Now that President Bush has admitted serious setbacks in Iraq, Condi Rice’s mission to the Middle East includes some begging for help from America’s Arab allies, especially Mubarak of Egypt and Abdullah of Saudi Arabia. This is the same Rice who was in Cairo delivering her landmark lecture on Arab democracy and America’s determination to promote it. On a visit to Egypt last October, the friction the speech generated was still palpable. “I’ve spoken about [jailed opposition leader] Ayman Nour each time that I meet with my Egyptian counterparts,” she said in a dig at Egyptian Foreign Minister Ahmed Abul Gheit, who retorted, “You didn’t raise it today!” Condi had to have the last word, though: “I will Ahmed. I’m certain. You can be certain I will.”

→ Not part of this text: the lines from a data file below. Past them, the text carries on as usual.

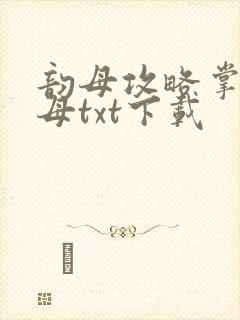 韵母攻略掌中美母txt下载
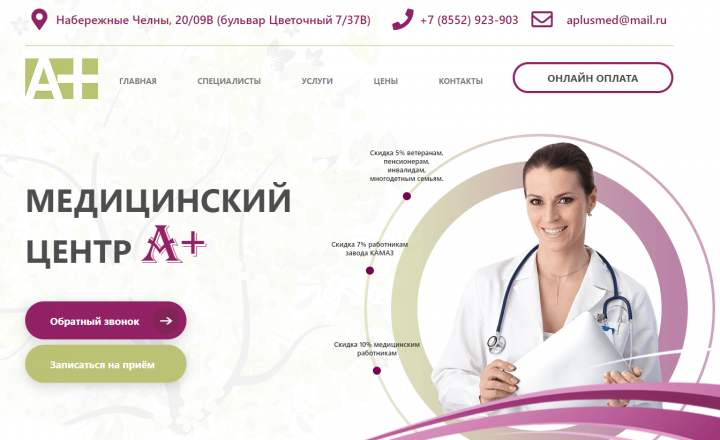 Медицинский сайт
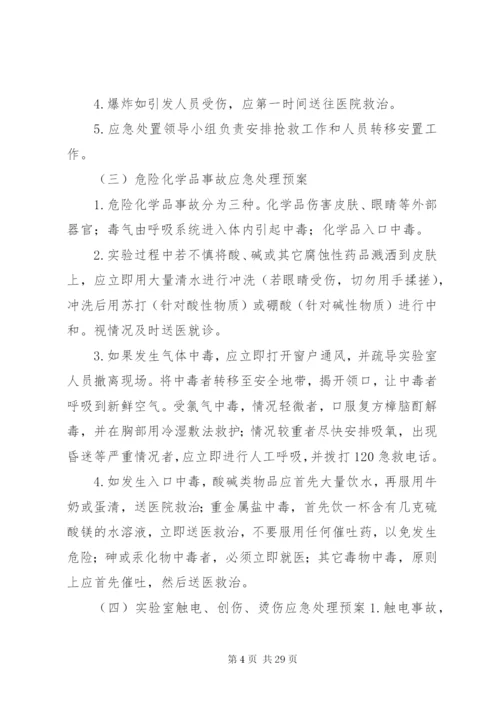 实验室应急预案[5篇范文].docx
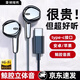 RtakoType-c有線耳機(jī)半入耳式數(shù)字適用于華為榮耀鴻蒙小米OPPOVIVOmate60promate50K歌游戲唱歌吃雞耳機(jī) 【TypeC】mate50丨iPad可用丨黑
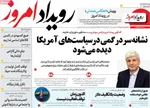 صفحه نخست روزنامه‌های چهارشنبه ۲۸ خرداد ۱۴۰۴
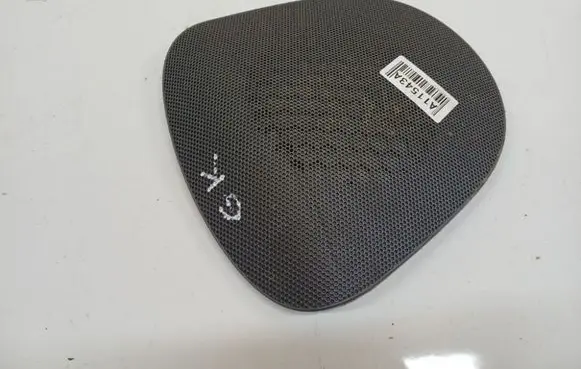 Seat Toledo III (5P) Side speaker trim/cover 5P0867149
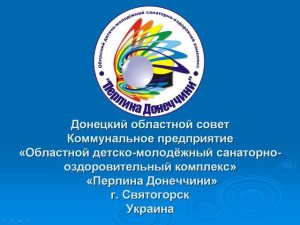 ��������� ������-���������� ���������-��������������� �������� ���������� ����������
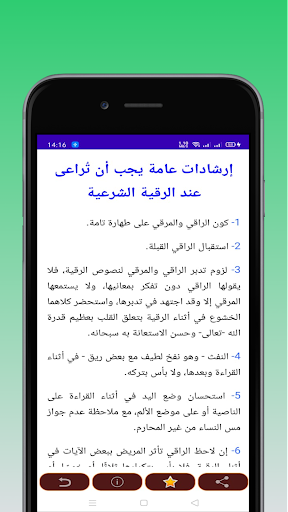 رقية تحصين البيت وجلب الرزق Screen 3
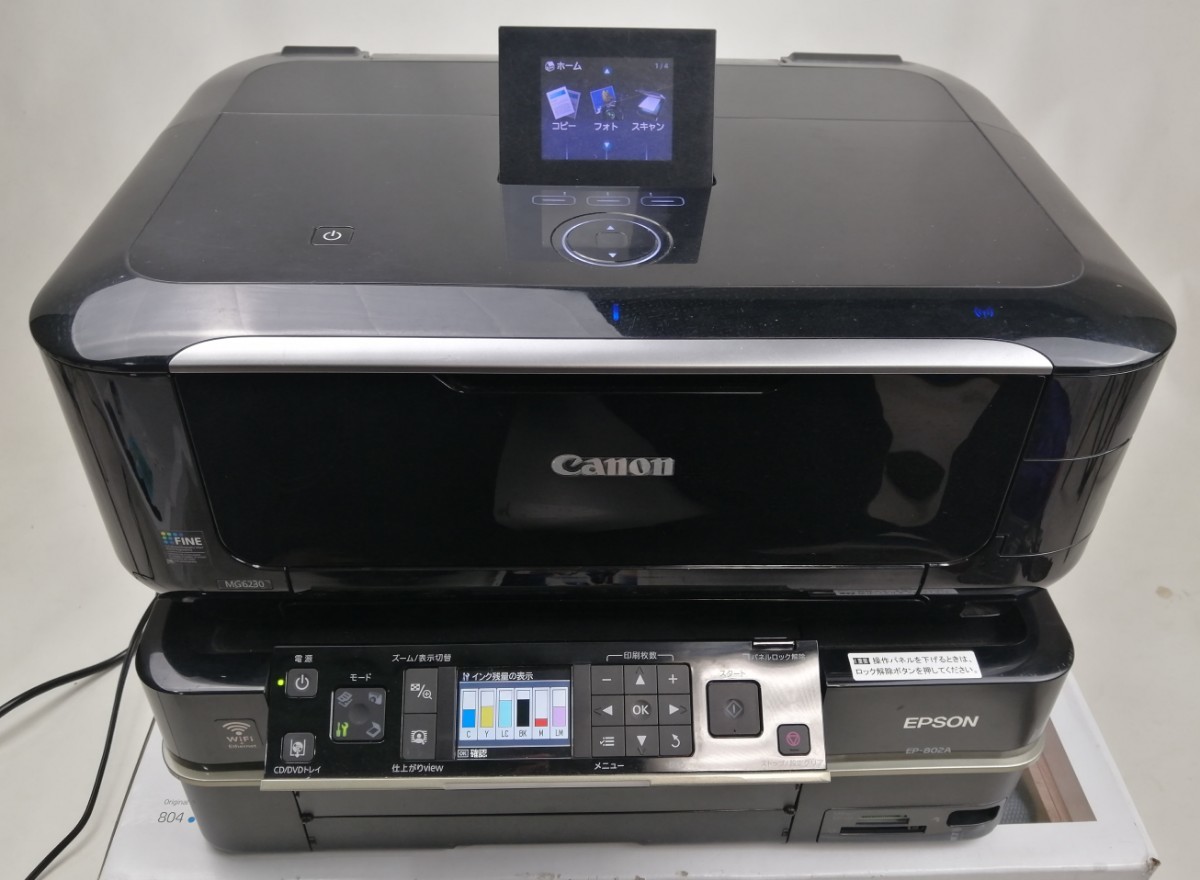 プリンター2台セット キャノン MG6230 エプソン EP-802A ジャンク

أپs I write, Rice is on the way to my hotel, the famed Winter Palace on the River Nile in Luxor, for lunch with Abul Gheit in a chandeliered dining room, before she holds talks with Mubarak that will cover all the problems of the region. But the Bush people seem to have decided that getting Mubarak’s help in the region is more important than badgering him about democracy. Bush’s enthusiasm for elections in the Arab world started to dim a year ago, when the Muslim Brotherhood won one-fifth of the seats in Egypt’s parliament and Hamas took over the Palestinian assembly. Mubarak has been cracking down by arresting the Brotherhood’s leaders, with hardly a complaint from Washington.
Democratization in Egypt remains a crucial factor for progress in the Middle East, but nonetheless it’s hard to argue that it is more important than urgently addressing the multiple crises in the region where Egypt can and does play a constructive role. Mubarak could smugly tell Rice that if Bush had only listened to his advice before, when he said the invasion of Iraq would open a Pandora’s Box, then the U.S. wouldn’t be facing such a disaster in Iraq as it is now.
Arguably, Mubarak, quietly, has done more than any other single international figure in recent years to promote stablity in the region. He tried to keep peace talks going after Bush and Sharon walked away from Arafat in 2001. After Hamas’s victory last year, he kept up a dialogue with the group, which the U.S. refuses to deal with. Egypt has worked tirelessly for the release of the Israeli solder whose capture near Gaza by Hamas last year led to renewed Israeli-Palestnian fighting. Mubarak did everything to prevent last summer’s war in Lebanon that initially had Rice almost joyously proclaiming the birth of a new Middle East. After Hizballah captured two Israeli soldiers, Mubarak within hours dispatched Abul Gheit to Damascus to ask Assad to intervene with Hizballah and free the soldiers before Israel reacted. Mubarak stuck his neck out, even though the subsequent Israeli onslaught on Lebanon made Hizballah immensely popular in Egypt and further eroded Mubarak’s standing on his own street.
The Bush administration may be disinclined to listen to the Middle East advice of a bipartisan panel of Americans, but if she wants to avoid further disasters Rice will do well to hear well what America’s Arab allies are saying. They may have their own problems and work to do, but they know the region better than Bush does.